İkinci yarının ilk 20, 25 dakikası da farklı değildi. Yani bu yarıya da sıkıntılı başladı Fenerbahçe. Ama ilk yarıda olduğu gibi ikinci yarıda da bireysel kalite devreye girdi ve sarı lacivertliler devre başlarında zorlandığı bir maçı daha kayıpsız geçmesini bildi. Hem de 5-0 gibi çarpıçı bir skorla. Aslında 62 ve 63'te kaleye şut çekmek yerine müsait durumdaki arkadaşlarına asisit yapmayı denese Dzeko maç oracıkta kopacaktı büyük olasılıkla. Yani, 65'te Sebastian Szymanski'nin, 77'de de Ferdi Kadıoğlu'nun kendisine attırdığı gollerde doğru seçeneği tercih etmesi gibi.

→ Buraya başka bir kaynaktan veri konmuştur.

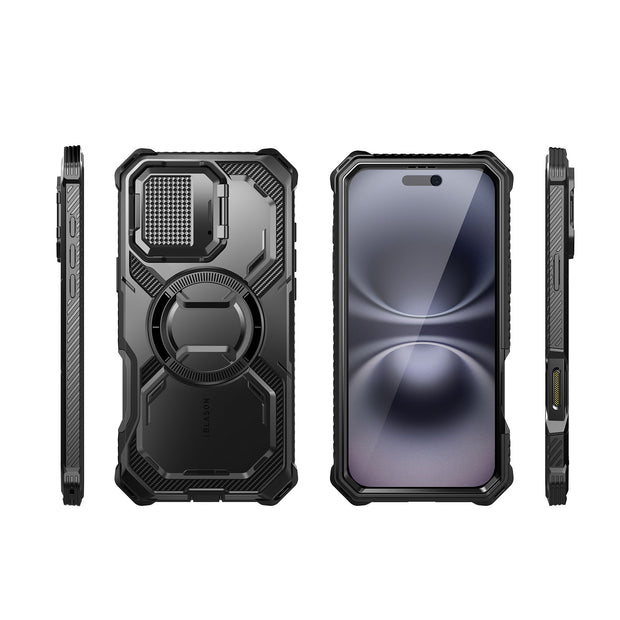 iPhone 16 Plus Armorbox Camera Control Button Case -  Black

Szymanski ve Ferdi demişken çok önemli bir gerçeğin altını kalın kalın çizmek zorundayız. Bu iki futbolcu adına şahit olduğumuz bir realite var. İkisi de oyunun iki yönünü oynarken "Derslik" bir performansla oynuyorlar bence. Sebastian Szymanski'yi izleyenler daha çok ofansif katkısı, yani asist ve gollerine göre değerlendiriyorlar. Oysa Polonyalı en ofanstaki katkısı kadar takımının savunmasına da katkı sunuyor. Bunun tam tersini de Ferdi için söyleyebiliriz rahattlıkla. Gurbetçi futbolcu defansif yönde yaptığı katkıyı ofansta da esirgemiyor takımından.

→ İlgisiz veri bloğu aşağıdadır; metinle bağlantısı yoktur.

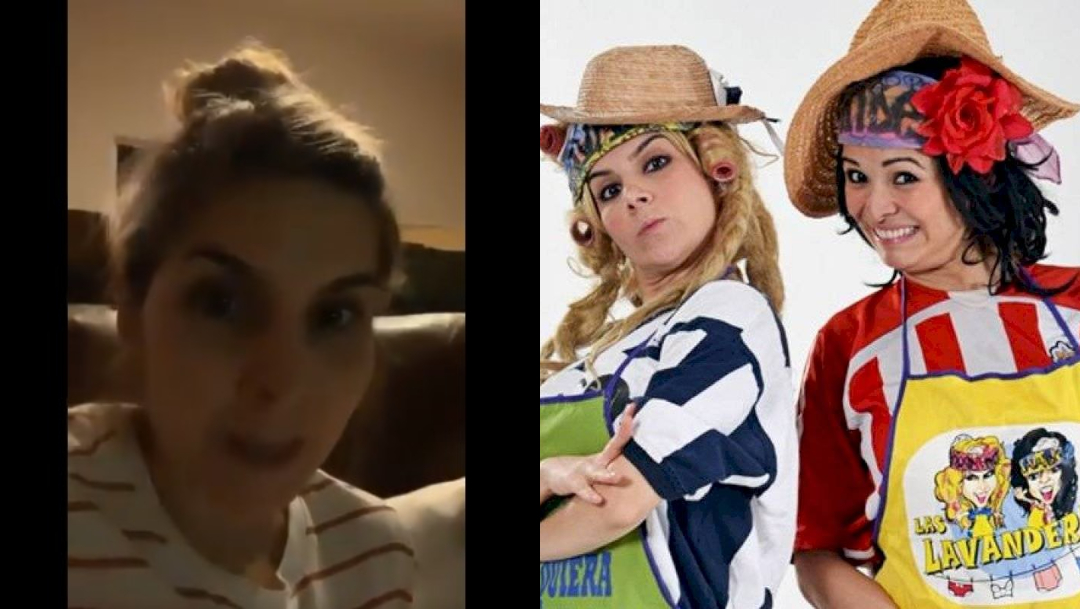 Karla Panini lavandera responde a haters cierra Instagram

Bu maçın gizli kahramanları mı: İrfan Can Kahveci ve Livakoviç bence. İkisi de en kritik anlarda devreye giriyor dikkat, istek, konsantrasyon ve yetenekleriyle. Dolaysıyla fire vermeden devam ediyor Sayın İsmail Kartal ve öğrencileri.
ÇELİKTEN SİNİRLERİ VAR - ERTUĞRUL ORUÇ
Fenerbahçeli futbolcular bir gün önce Rize’de yaşanan hakem faciasından hiç etkilenmeden Pendikspor karşısında temposu biraz düşük olsa dahi kaliteli oyuncuları sayesinde maçı çok rahat kazandı. Düşününki seninle yarışan bir rakibin var, maçlarını zorlanarak ve lehlerine olan hakem hataları ile kazanarak, senin ensende takibini sürdürüyor. Bütün maçlarını kazanmış olduğu halde, ikinci takım ile arasında sadece iki puan var. İşte bu durumun üstesinden gelebilmek için çelikten sinirlere sahip olmak gerekiyor. Fenerbahçeli oyuncular bu psikolojinin de üstesinden gelerek maçı kazanmayı bildiler.

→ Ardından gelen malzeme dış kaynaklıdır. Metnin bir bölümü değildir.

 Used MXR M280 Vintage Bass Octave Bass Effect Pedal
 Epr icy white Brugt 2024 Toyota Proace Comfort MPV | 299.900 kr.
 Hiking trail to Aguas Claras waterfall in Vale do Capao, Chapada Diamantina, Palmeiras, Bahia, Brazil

Pendikspor maçına bakarsak Fenerbahçe takımı oyunu tamamen domine etti diyebiliriz. Oyuncuların hırsı gol iştahı üst düzeydeydi, maçta Fenerbahçe adına en olumsuz durum ise Serdar Aziz ve Djiku’dan sonra Fred’in de sakatlanması oldu. İsmail hoca devre arasında Becao’yu riske atmamak adına çıkardı, ardından ilerleyen dakikalarda Samet’in de sakatlanması ile son dakikaları gerçek stoper oyuncuları olmadan tamamlamak zorunda kaldılar. Ancak bu sakatlıklara rağmen yine etkin oyunlarını devam ettirerek maçı rahat kazandılar. Son olarak Edin Dzeko için birkaç kelam edilmesi gerektiğini düşünüyorum. Edin Dzeko ülkeye ilk geldiğinde yaşından dolayı herkesin kafasında soru işaretleri vardı, ama o öyle bir oyun ortaya koyuyor ki , attığı goller ile herkesi kendisine hayran bırakmayı başardı. Gollerindeki kaliteyi gördükten sonra, yıllardır Fenerbahçe’nin aradığı gerçek forvet olduğunu kanıtladı diyebiliriz.
Önümüzdeki hafta Fenerbahçe’yi zorlu bir Trabzonspor maçı bekliyor, sakatlıklar takımı ne derece etkileyecek, onu bu maçta net bir şekilde göreceğiz, İsmail hoca bakalım bunun üstesinden gelebilecek mi göreceğiz.